Gradually, gradually, then suddenlyFeb 28, 2022
by Aubrey Patterson
Have you ever considered the time and patience required to visualize and actualize some of the world’s greatest achievements?
- Builders spent 26 painstaking months to complete the Eiffel Tower.
- Da Vinci took 4 years to finish the Mona Lisa.
- Michelangelo painted the ceiling of the Sistine Chapel over a period of 4 years.
It takes incredible discipline to do seemingly ordinary things for an extraordinarily long period of time, especially when the daily results are barely noticeable.
But masterpieces are created gradually, gradually, then suddenly.
Gradually, gradually, then suddenly
In Ernest Hemingway's The Sun Also Rises, a character named Mike is questioned about how he went bankrupt. “Two ways,” he replies. “Gradually, then suddenly.”
It didn't happen suddenly, you just noticed it suddenly. - Seth Godin
Hurrying and scurrying
We seem to have a default set to impatience.

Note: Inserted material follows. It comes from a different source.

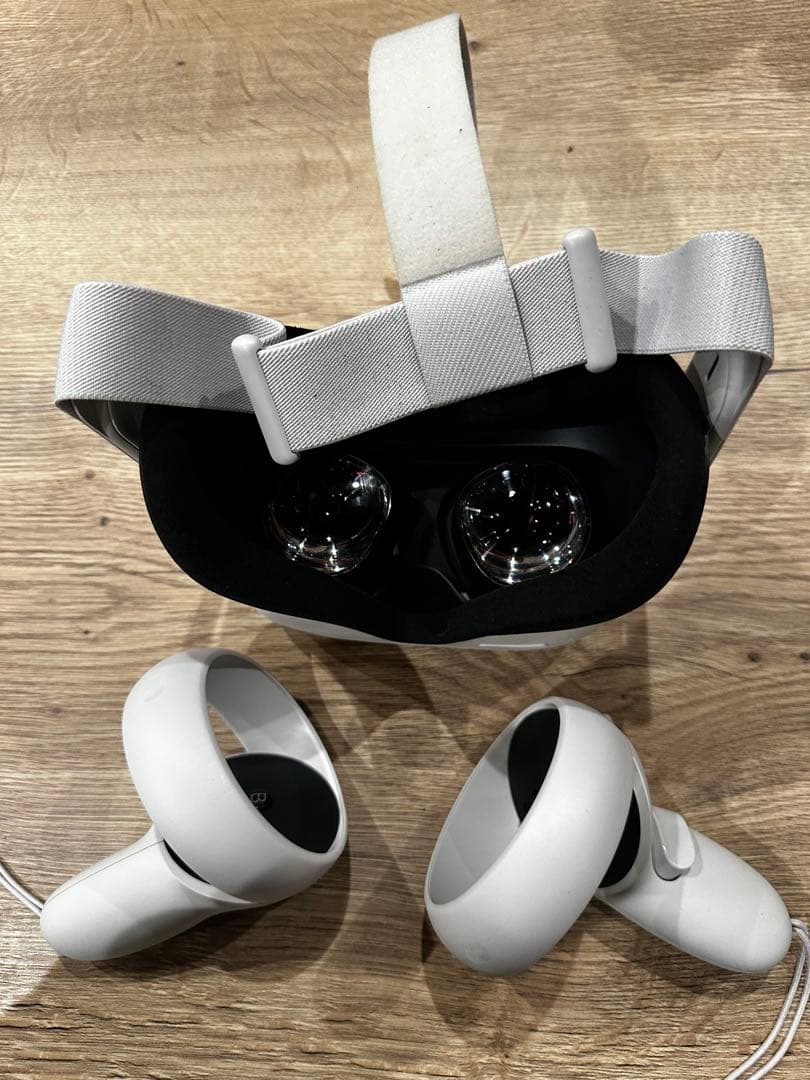  Quest 2 完全ワイヤレス オールインワンVRヘッドセット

While some things are best done quickly, the bigger elements of our life and our leadership suffer with our hurrying and scurrying.

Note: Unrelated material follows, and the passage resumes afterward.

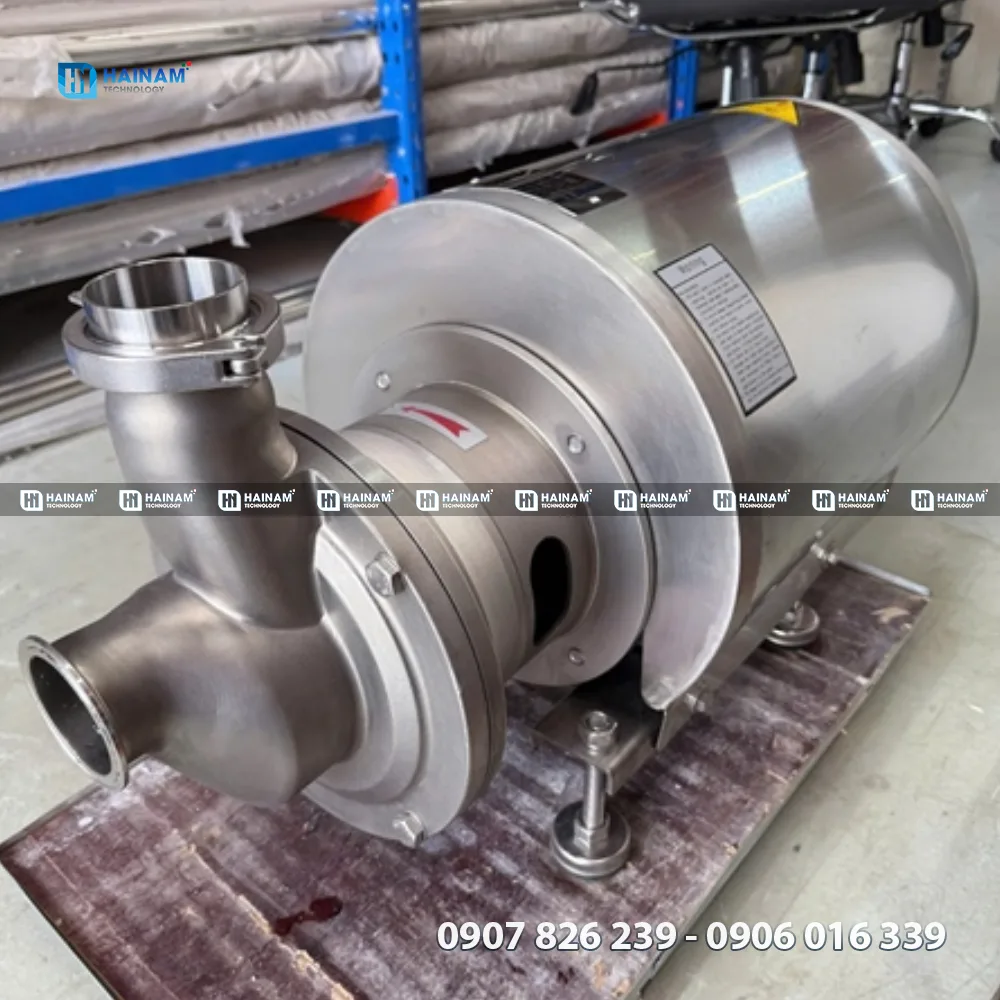 máy bơm ly tâm đồng hóa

Pressure to use our time wisely and produce quick results often leads to mediocrity.
Motivation gets you going, but discipline keeps you growing. - John Maxwell
Putting our teams and ourselves in a position for success requires patience and discipline.
Expecting a remarkable result day in and day out is unrealistic, but an uncommon remarkable result will eventually come to a patient leader with uncommon discipline.